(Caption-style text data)
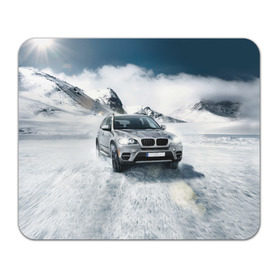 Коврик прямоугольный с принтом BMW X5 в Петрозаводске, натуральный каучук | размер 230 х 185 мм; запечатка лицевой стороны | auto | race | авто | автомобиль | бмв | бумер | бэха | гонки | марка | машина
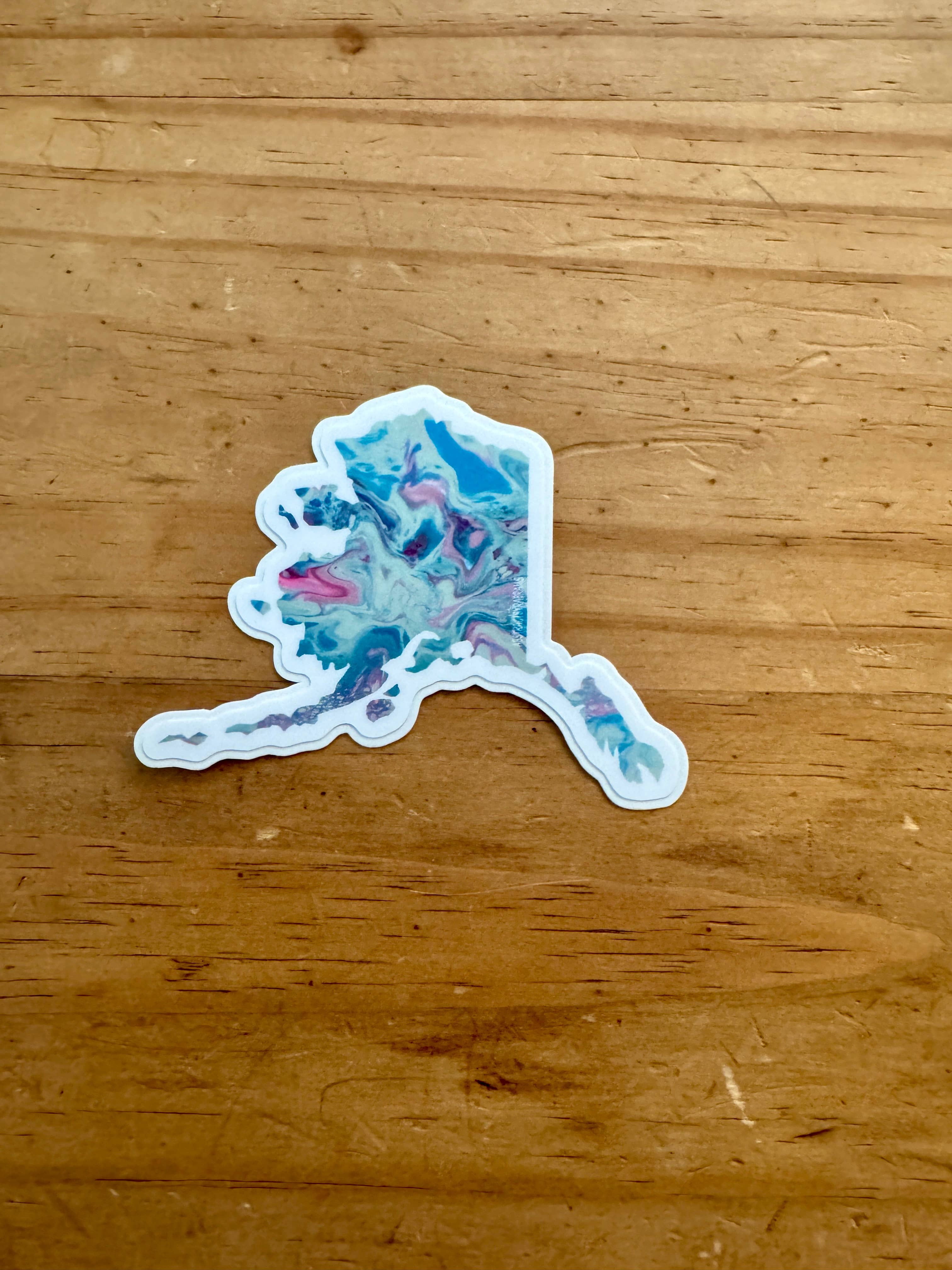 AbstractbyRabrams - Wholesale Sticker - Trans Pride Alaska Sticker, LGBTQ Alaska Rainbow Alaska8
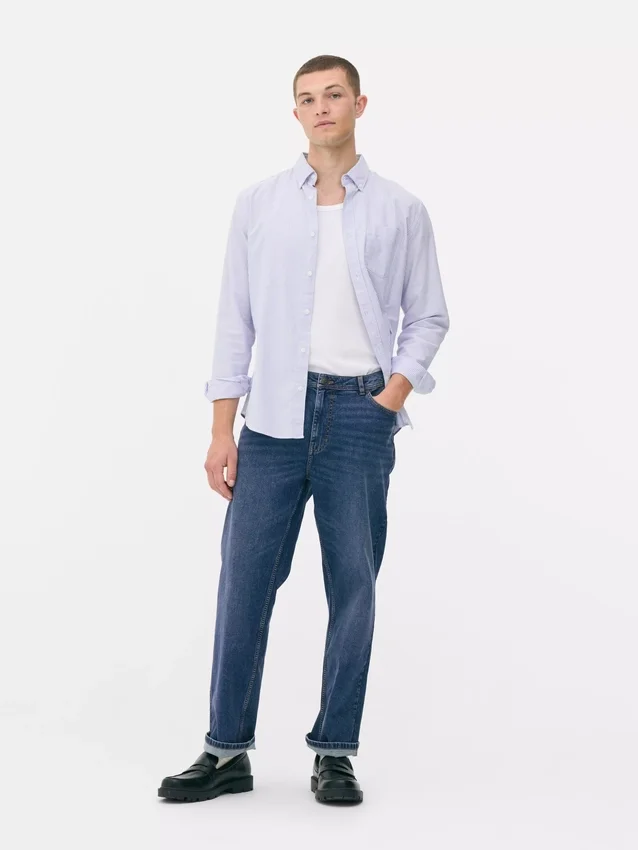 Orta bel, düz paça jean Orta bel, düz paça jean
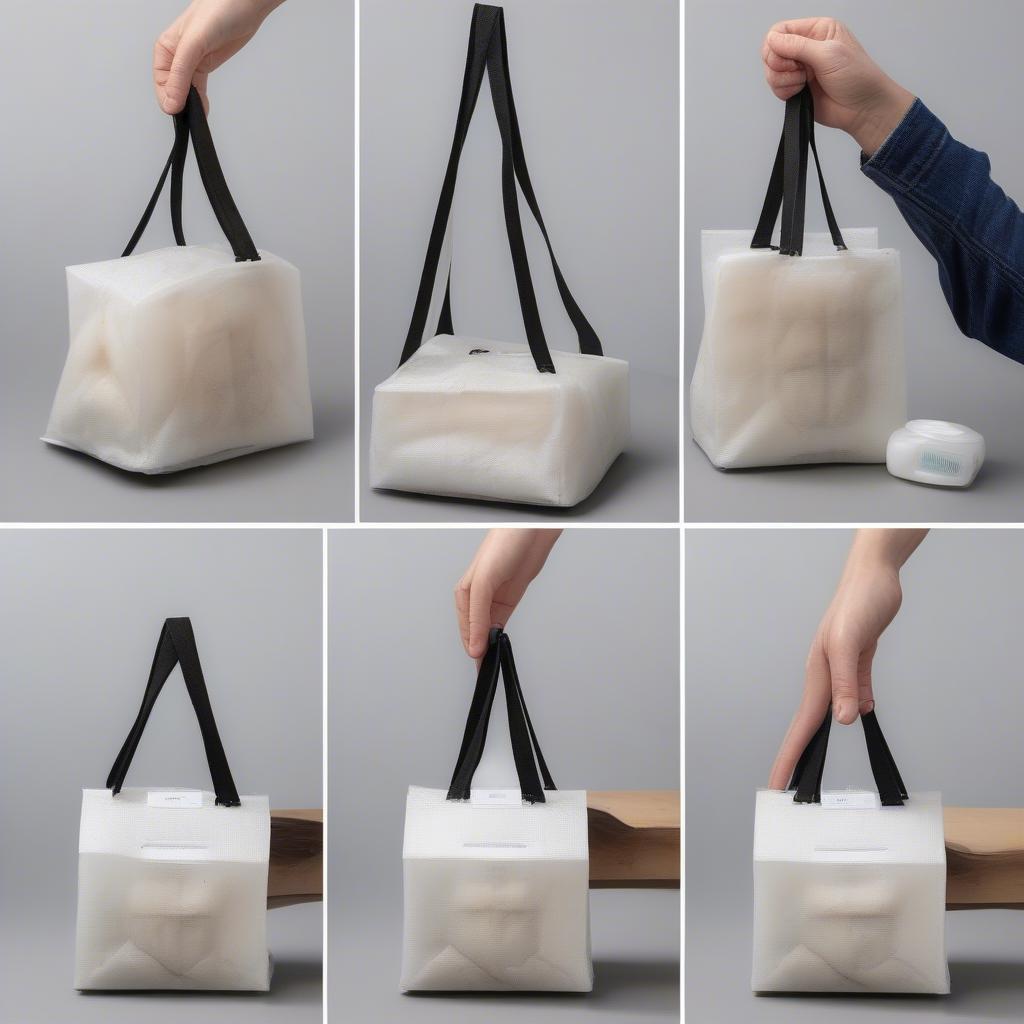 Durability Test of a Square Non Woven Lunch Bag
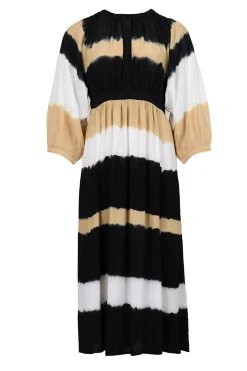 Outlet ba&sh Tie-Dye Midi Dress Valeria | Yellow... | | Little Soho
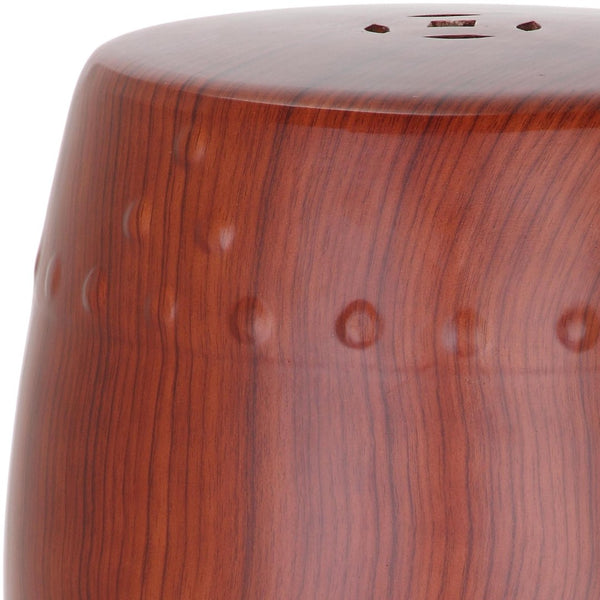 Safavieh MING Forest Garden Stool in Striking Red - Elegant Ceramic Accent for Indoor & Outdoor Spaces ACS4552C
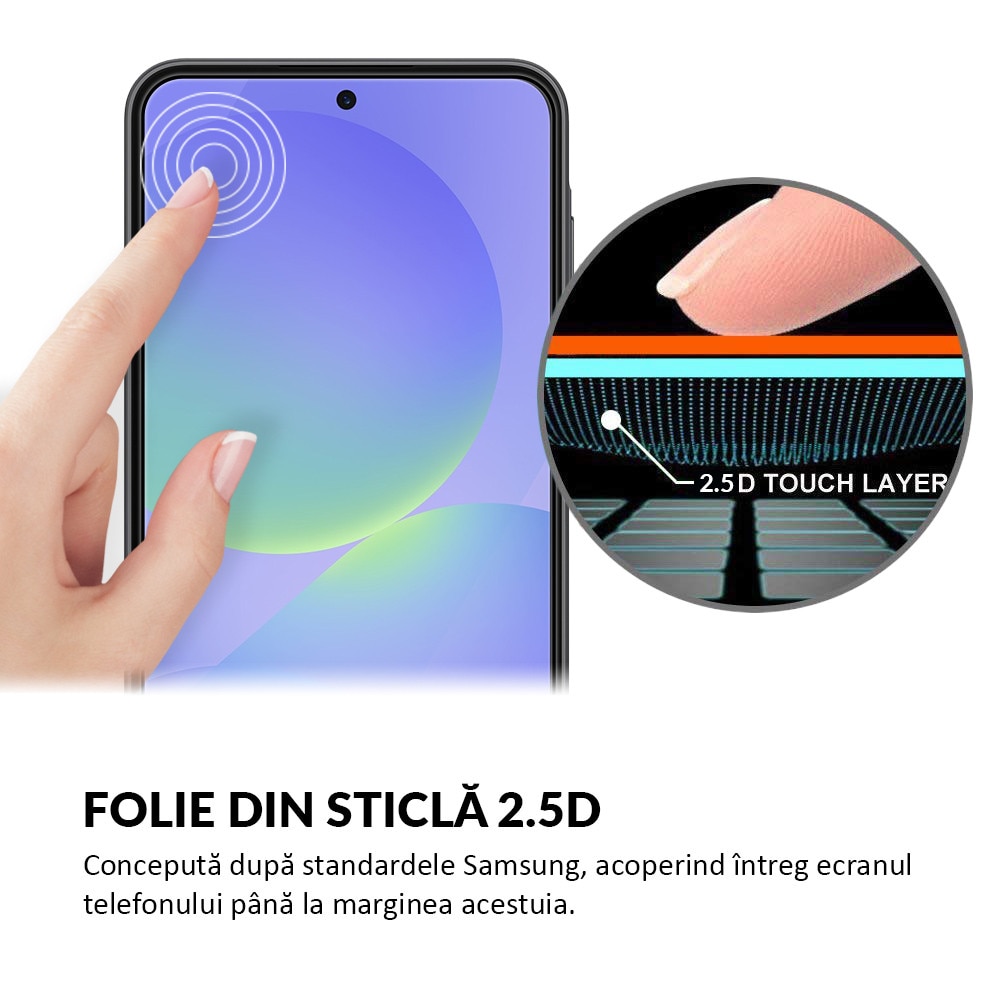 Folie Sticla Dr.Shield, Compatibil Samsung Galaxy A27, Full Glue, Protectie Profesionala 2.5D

*EXERCISE AIM*:
To complete this exercise, transcribe exactly the lines above from the one that holds "Durability Test of" through the one that holds "Safavieh MING Forest". Pictures stay out.

*EXERCISE OUTPUT*:
 Durability Test of a Square Non Woven Lunch Bag
 Outlet ba&sh Tie-Dye Midi Dress Valeria | Yellow... | | Little Soho
 Safavieh MING Forest Garden Stool in Striking Red - Elegant Ceramic Accent for Indoor & Outdoor Spaces ACS4552C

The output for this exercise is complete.